For this exercise, copy exactly every line from the one holding "the beach person" through the end of the data, both included. Omit pictures.

===

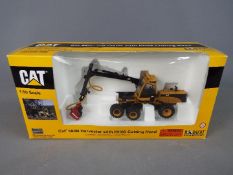 Norscot - A boxed 1:50 scale diecast Norscot #55123 Caterpillar 580B Harvester with HH65 Cutting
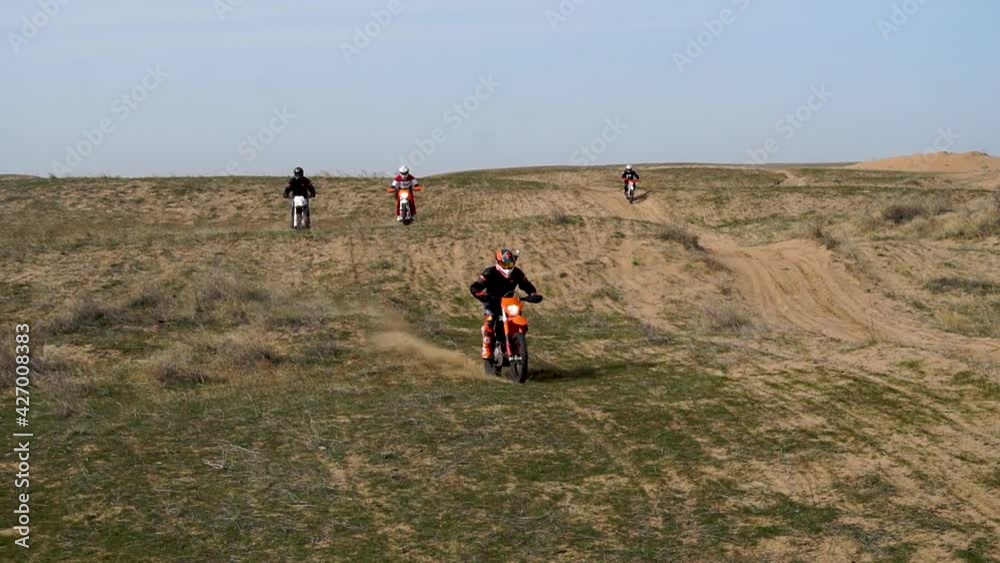 person riding a bike. motorcycle ride through the sandy mountains. motorcycle on the beach person riding a bike. motorcycle ride through the sandy mountains. motorcycle on the beach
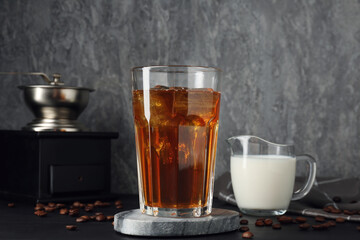 Tasty iced coffee, milk, grinder and beans on black wooden table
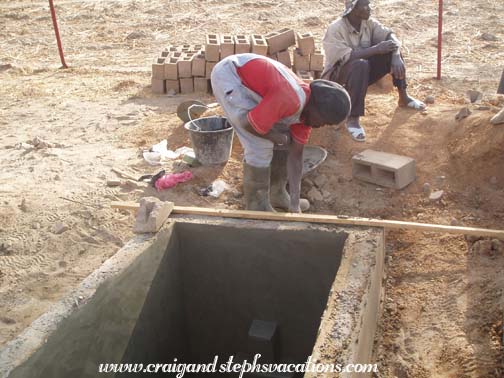 Mason Oumar Degoga puts finishing touches on the water basin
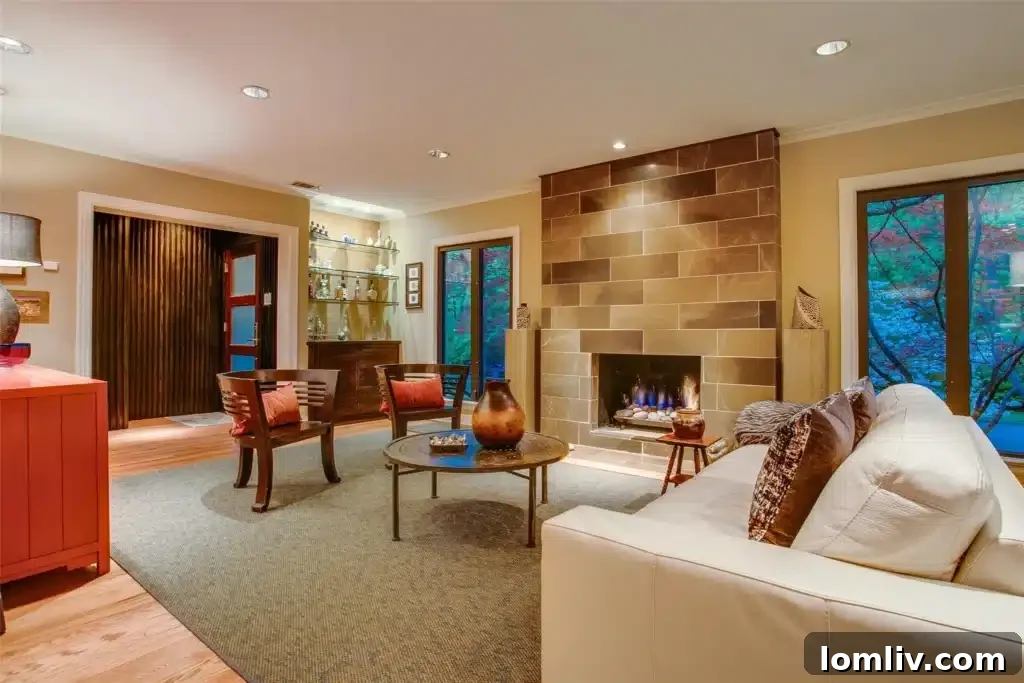 Spacious living room with a grand fireplace and ample seating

===

Answer for this exercise
 person riding a bike. motorcycle ride through the sandy mountains. motorcycle on the beach person riding a bike. motorcycle ride through the sandy mountains. motorcycle on the beach
 Tasty iced coffee, milk, grinder and beans on black wooden table
 Mason Oumar Degoga puts finishing touches on the water basin
 Spacious living room with a grand fireplace and ample seating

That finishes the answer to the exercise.